Al-Ahram Weekly On-line
12 - 18 April 2001
Issue No.529
Published in Cairo by AL-AHRAM established in 1875 Current issue | Previous issue | Site map

The bank is closed

By Inas Mazhar

Inas MazharWhere to, Egyptian sportsmen and women? If the world is the yardstick of measurement, there is really nowhere to go but up.

It would be almost impossible to drop further down. Taking the Summer Olympics as an example, not a solitary medal of any colour has been won since the 1984 Games in Los Angeles. Nothing in Seoul, blanked in Barcelona, empty-handed in Atlanta and shut out in Sydney.

Fortunately, we do not have to play against the world every day. Fortunately, there are regional championships that are easier to handle.

But even these less challenging events are becoming a handful.

Case in point: the 1999 All-Africa Games. Until then we ruled the continent, coming first in this tournament and hardly breaking a sweat while doing so. But South Africa, ostracised for years by the international community for its apartheid policies, came out of the woodwork that year to unseat Egypt and be crowned the new African king. There is scant doubt that Egypt will be a bridesmaid in the tournament from now on.

So it should come as no surprise that this year's Mediterranean Games are being looked at from here with few expectations. The Games, scheduled for Tunisia in September, will include European sports heavyweights like France, Italy and Spain. We will be going without swimmer Rania Elwani, who struck gold in the pool in previous Mediterranean Games, but who retired last year. And we will be going without training, at least not the kind you need at such a high-level meet.

With just five months to go before the Games begin, the money needed for preparing the teams has yet to arrive from the Ministry of Youth. The delay is odd since the National Olympic Committee (NOC) has already submitted a list of names to the ministry of the athletes it thinks has a chance of doing something -- anything -- in Tunisia.

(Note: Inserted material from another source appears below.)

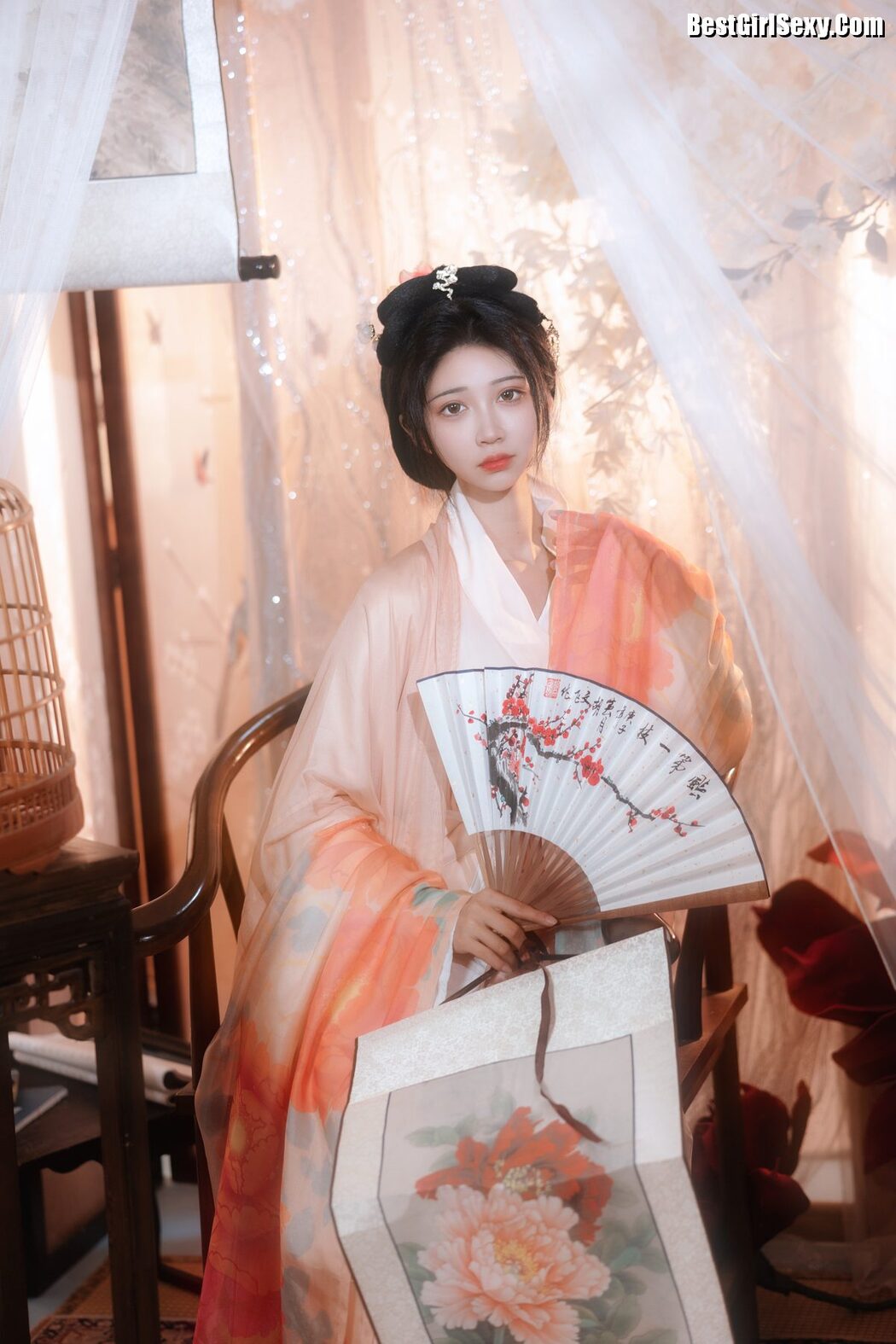 YiTuYu艺图语 Vol.4011 Qi Luo Sheng De Xiao Su Su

The selection process was conducted like this: the NOC informed all federations that they will not be allowed to go to Tunisia unless male athletes can achieve at least a fourth place finish and women vow a less demanding fifth to eighth place finish. "Who can do this?" asked the NOC. Like schoolchildren eager to please their teacher, 12 federations raised their hands and loudly proclaimed in unison, "No problem."

To be sure, this question-and-answer session is conducted before every major tournament. Every time, the teams give a resounding 'yes' to the NOC and every time they flunk the test miserably.

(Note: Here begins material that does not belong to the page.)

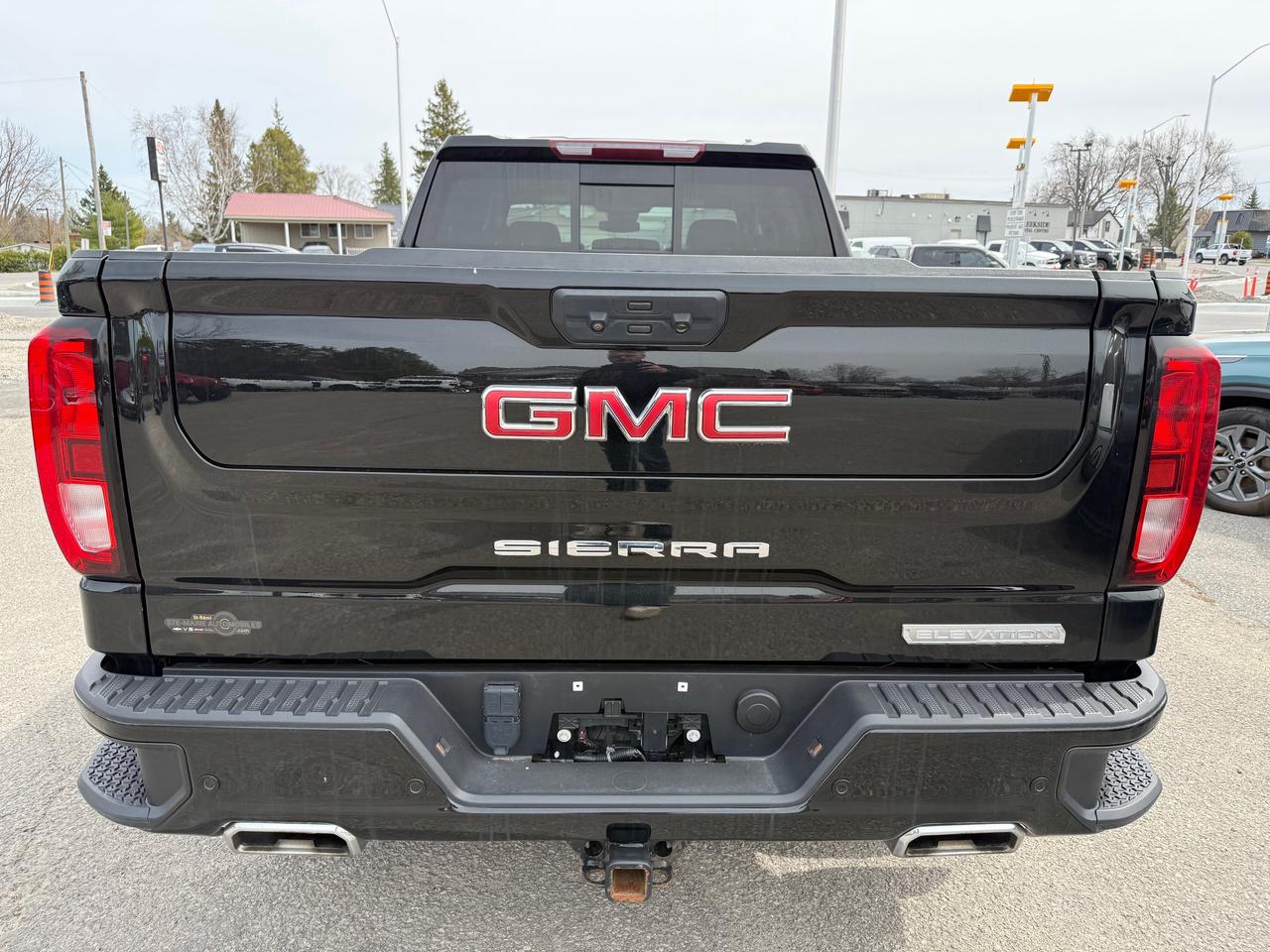 2023 GMC Sierra 1500 Elevation Loaded! Buckets! AutoStart! Photo4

Perhaps this year will be different, but the guess is that it won't. The NOC cannot reward its enthusiastic charges because the ministry has yet to open its wallet, for reasons unknown other than the usual bureaucratic explanations. How can the ministry ask -- even demand -- results if training periods are to be cut to the bone?

If anything is to be achieved in the Games in Tunisia, eagerness will not be enough. Without adequate preparation -- physically, mentally and emotionally -- we will not come anywhere near a medal. You can bank on it.